Kainate receptors: Pharmacology, function and therapeutic potential

Abstract

Compared to the other glutamate receptors, progress in the understanding of the functions of kainate receptors (KARs) has lagged behind, due mainly to the relative lack of specific pharmacological tools. Over the last decade subunit selective agonists (e.g. ATPA and 5-iodowillardiine) and orthosteric (e.g. LY382884 and ACET) and allosteric antagonists for KARs that contain GluK1 (GluR5) subunits have been developed. However, no selective ligands for the other KAR subunits have been identified. The use of GluK1 antagonists has enabled several functions of KARs, that contain this subunit, to be identified. Thus, KARs have been shown to regulate excitatory and inhibitory synaptic transmission. In the case of the regulation of l-glutamate release, they can function as facilitatory autoreceptors or inhibitory autoreceptors during repetitive synaptic activation and can respond to ambient levels of l-glutamate to provide a tonic regulation of l-glutamate release. KARs also contribute a component of excitatory synaptic transmission at certain synapses. They can also act as triggers for both long-term potentiation (LTP) and long-term depression (LTD) and rapid alterations in their trafficking can result in altered synaptic transmission during both synaptic plasticity and neuronal development. KARs also contribute to synchronised rhythmic activity in the brain and are involved in forms of learning and memory. With respect to therapeutic indications, antagonists for GluK1 have shown positive activity in animal models of pain, migraine, epilepsy, stroke and anxiety. This potential has now been confirmed in dental pain and migraine in initial studies in man.

Introduction

The neurotransmitter (S)-glutamate (l-glutamate) activates three subtypes of ligand-gated ion channel: the N-methyl-d-aspartate (NMDA), (S)-2-amino-3-(3-hydroxy-5-methyl-4-isoxazolyl)propionic acid (AMPA) and kainate receptors (Watkins and Evans, 1981, Watkins and Jane, 2006, Lodge, 2009). Kainate receptors (KARs) are highly expressed in the central nervous system (CNS) and have been implicated in various functions in the CNS (for earlier reviews see Bleakman and Lodge, 1998, Chittajallu et al., 1999, Lerma et al., 2001, Bleakman et al., 2002, Lerma, 2003, Pinheiro and Mulle, 2006). Molecular cloning has identified 5 subtypes: GluK1, GluK2, GluK3, GluK4 and GluK5 which co-assemble in various combinations to form functional receptors (the new IUPHAR nomenclature is used in this review: Collingridge et al., 2009). Thus, the KAR subunits that were formally known as GluR5–7 (or GLUK_5–7) are now named GluK1–3 and those previously called KA1 and KA2 (or GLU_K1 and GLU_K2) are now named GluK4 and GluK5. Therefore the subunit names mirror the corresponding gene names: GRIK1, GRIK2, GRIK3, GRIK4 and GRIK5. The existence of splice variants and editing sites on the KAR subunits increases the likelihood of pharmacological heterogeneity in the KAR family (Hollmann and Heinemann, 1994, Pinheiro and Mulle, 2006).

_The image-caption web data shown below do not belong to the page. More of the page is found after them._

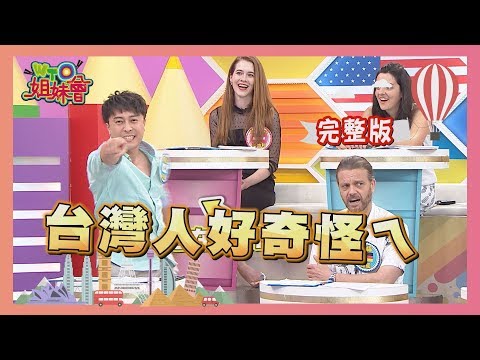 台灣人習以為常的事 外國人覺得"好奇怪ㄋㄟ" Taiwanese strange 2019-10-01【WTO姐妹會】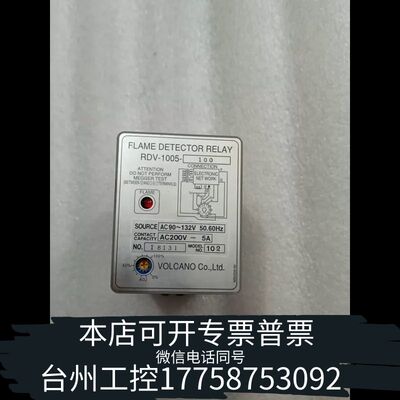 Volcano 火检 Flame detector rela需询价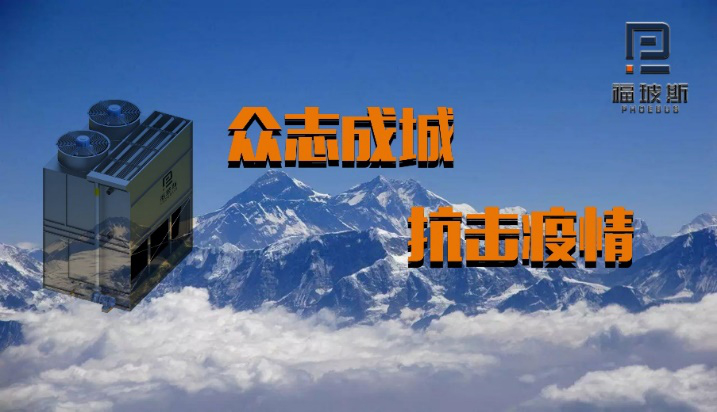 閉式冷卻塔行業(yè)
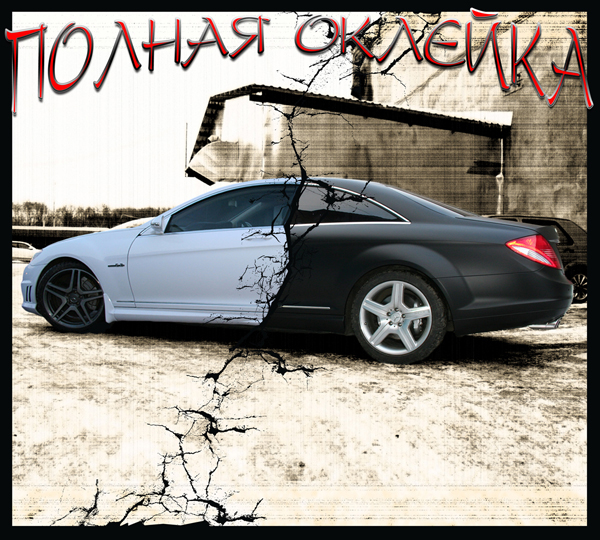 как оклеить авто винилом видео урок как оклеить авто винилом видео урок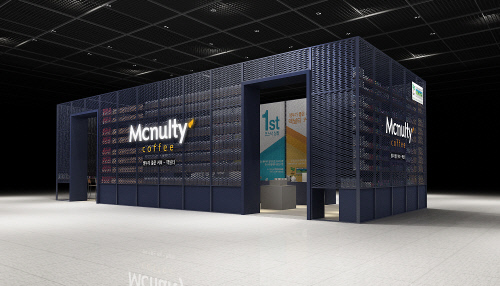 사본 -2016 서울까페쇼 한국맥널티 참가부스 조감도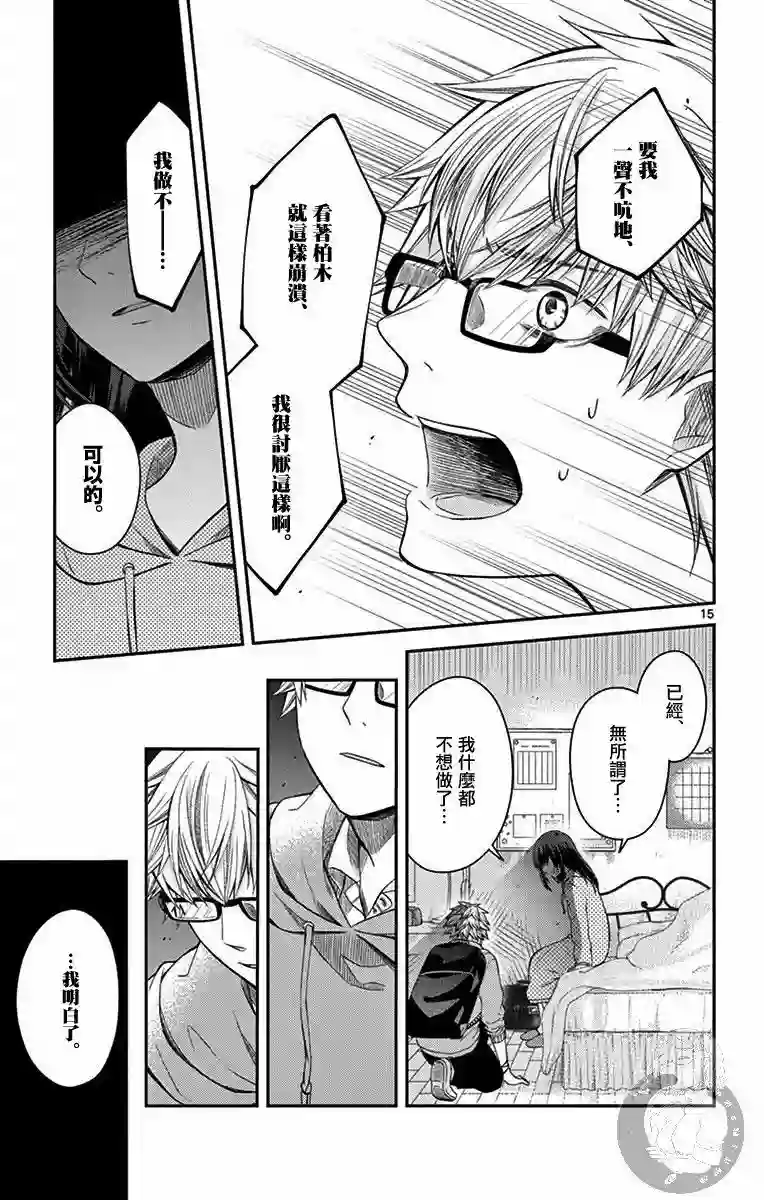 谎月第24话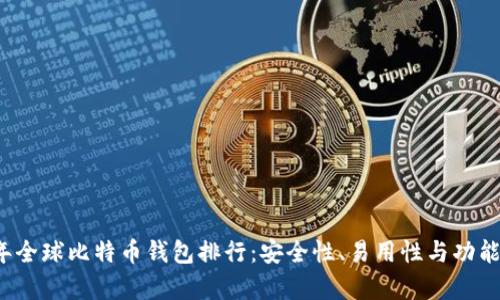 2023年全球比特币钱包排行:安全性、易用性与功能性分析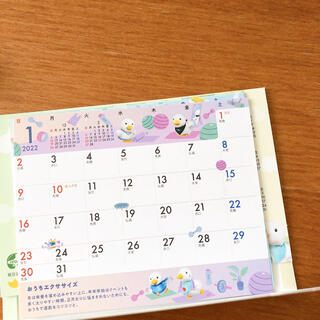 アフラック　2022 卓上カレンダー(カレンダー/スケジュール)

Compared to the other glutamate receptors, progress in the understanding of the functions of KARs has lagged behind, due mainly to the relative lack of specific pharmacological tools. A particular problem has been that KAR agonists, including the prototypic agonist kainate itself, act on both AMPA receptors (AMPARs) and KARs. An even greater problem has been the lack of selective KAR antagonists. There is therefore an urgent need for subunit specific KAR agonists and antagonists. In this review we discuss progress towards the development of selective agonists and antagonists for each KAR subunit, describe their use in understanding the physiological roles of KARs and discuss their therapeutic potential.